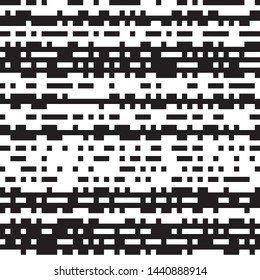 8 bit Row Pixel Background, Network Big Data Transmission, Binary Code Information, Television Signal Fail, Data Decay, Technical Problem, Glitch Elements, Computer Screen Error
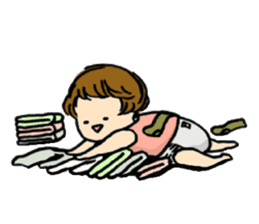 Parenting every day-fascinated by baby- sticker #10800013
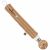 Variation Marron, beige du produit Attache tétine Rayures Fines (personnalisable) de la marque Atelier Wagram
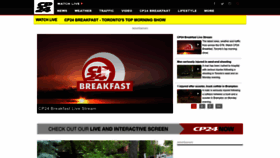What Cp24.com website looked like in 2023 (This year)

+ + + + +

*Work instructions*.
When repeating the material above, keep every line exact and drop all pictures.

*Result of this exercise*.
 8 bit Row Pixel Background, Network Big Data Transmission, Binary Code Information, Television Signal Fail, Data Decay, Technical Problem, Glitch Elements, Computer Screen Error
 Parenting every day-fascinated by baby- sticker #10800013
 Variation Marron, beige du produit Attache tétine Rayures Fines (personnalisable) de la marque Atelier Wagram
What Cp24.com website looked like in 2023 (This year)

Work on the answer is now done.